Supplied data
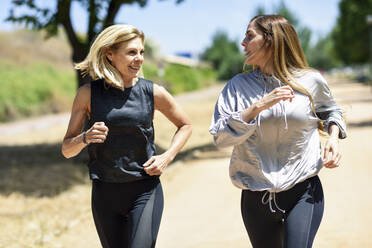 Mature woman running with her daughter in a park - JSMF01140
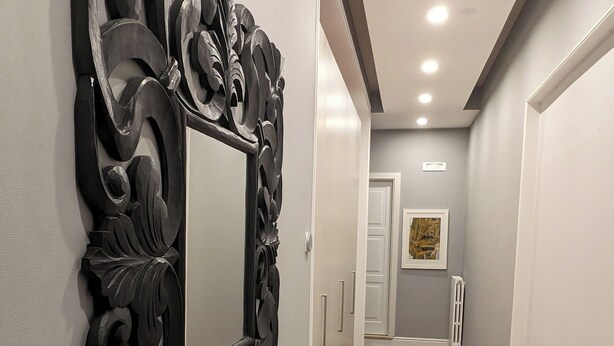 A hallway with a wooden floor, a decorative black mirror, and a framed picture on the wall. - Comfortable stay in city center, stores, pedestrian island restaurants and bars. (Avellino)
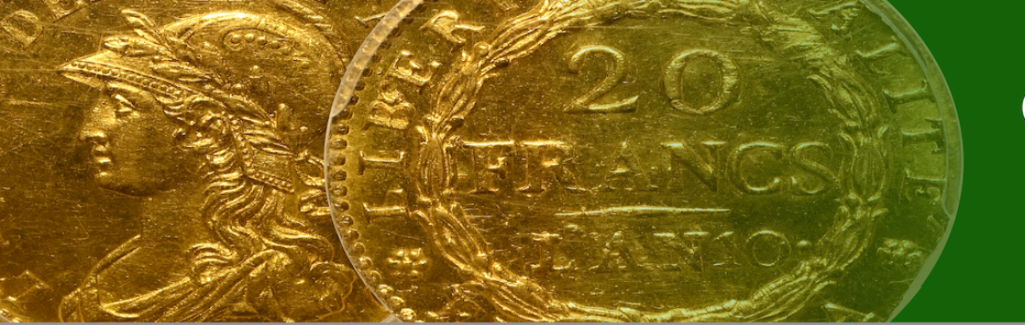 Gold coin with '20 Francs' inscription on a green background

Task details
Where pictures appear, skip them and transcribe all other material word for word.

Finished exercise
 Mature woman running with her daughter in a park - JSMF01140
 A hallway with a wooden floor, a decorative black mirror, and a framed picture on the wall. - Comfortable stay in city center, stores, pedestrian island restaurants and bars. (Avellino)
 Gold coin with '20 Francs' inscription on a green background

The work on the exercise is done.